Slobodian conta que, ao terminar o doutorado, procurou programas de pós-graduação e laboratórios para fazer pós-doutorado e continuar com o seu trabalho.
“Encontrei muitos candidatos doutores concorrendo à mesma vaga no pós-doutorado, devido a diminuição das bolsas ofertadas em geral. Meu projeto chegou a receber elogios e o parecerista recomendou a aprovação da minha proposta, mas a resposta final que recebi foi: ‘Apesar de meritória, a proposta foi priorizada abaixo da linha de corte dos recursos disponíveis’”, relembra.
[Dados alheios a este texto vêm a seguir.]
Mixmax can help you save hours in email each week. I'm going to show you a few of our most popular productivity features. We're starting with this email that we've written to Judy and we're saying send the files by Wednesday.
O dia 2 de setembro de 2018 terminou com um golpe na alma de todos os brasileiros: exatamente 196 anos depois da princesa Leopoldina assinar a declaração de independência do Brasil, o Museu Histórico Nacional sucumbiu às chamas que há tanto tempo foram previstas. Mais de 20 milhões de itens históricos se perderam e, com eles, o esforço e dedicação de tantos pesquisadores.
O incêndio é apenas a ponta do iceberg da falta de investimento em pesquisa e ciência pelo qual o Brasil passou nos últimos anos. Para você ter uma ideia, o valor anual necessário para manter o museu é de R$ 520 mil. Porém, a instituição começou a sofrer cortes orçamentários em 2014, chegando a menos 37% do valor necessário em 2017.
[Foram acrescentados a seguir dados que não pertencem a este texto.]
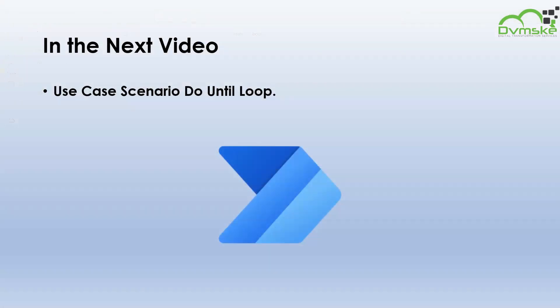And that's it. In the next video we will implement a use case scenario based on do until loops in Power Automate. Thank you for watching, see you in the next one.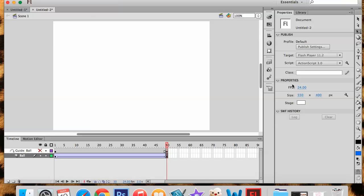Remember we save files, last name, first name. Make sure you save both your shape tween and your motion path. Let me know when you're done so I can give you credit for it.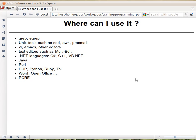As I mentioned, regular expressions are basically a separate language from Perl, but they are inside Perl. But where else can you use this language? So there are lots of places.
Por causa de problemas internos, dez das trinta salas de exposição estavam fechadas para visitação – uma delas havia sido interditada há cinco meses ao ser atacada por cupins. Para tentar salvar o museu, a administração da entidade tentou reabri-la por meio de um financiamento coletivo, sem sucesso.
Para celebrar os 200 anos do Museu, a instituição fechou um acordo com Banco Nacional de Desenvolvimento Econômico e Social (BNDES) para receber R$ 21,7 milhões destinados para a restauração do local, mas não houve tempo hábil para iniciar a reforma. Lá, havia um acervo de preciosidades do mundo todo, como o crânio de Luzia, o ser humano mais antigo da América Latina, múmias egípcias e esqueletos de dinossauros.
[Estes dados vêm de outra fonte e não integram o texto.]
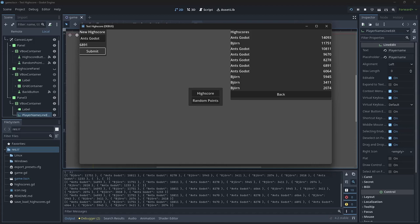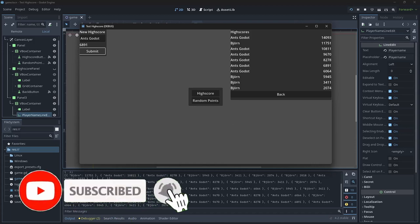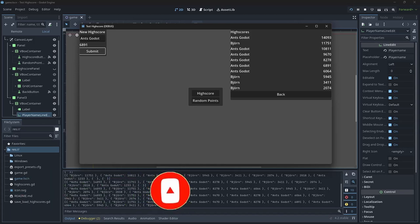That was everything I wanted to show you. I hope you like it, and if you use it, show me the projects where you use it. Please like and subscribe to my channel and come back when I have more content. Speed programming is not forgotten, but I wanted to show this first because I'll use it in breakout as well — that's why I developed the high score list in the first place. Thanks for watching and see you next time, bye.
Se, por um lado, o Museu pedia ajuda governamental há anos para se manter aberto e as respostas eram sempre de que não havia verba disponível, por outro a cada ano a União desembolsa cerca de R$ 2,14 milhões para cada deputado – dentro desse valor está incluído um salário de mais de R$ 33 mil, verba de gabinete, deslocamento e ajuda de custo, entre outros benefícios. O valor total gasto com os 513 deputados federais é de R$ 1,1 bilhão por ano.
“Sinto que há um sucateamento proposital de nossos museus. Após a tragédia do Museu da Língua Portuguesa em São Paulo, foram descobertas várias irregularidades. Tivemos também o incêndio do Liceu de Artes, também com irregularidades. Infelizmente assistimos o Museu Nacional ser engolido pelo fogo. Nossa Luzia foi destruída e com ela perdemos a oportunidade de compreender melhor quem somos e de onde viemos. Os investimentos em educação e saúde encontram-se congelados por duas décadas e os aparelhos de cultura são extintos ou sucateados. Nossos acessos ao conhecimento estão cada vez mais restritos”, conclui Costa.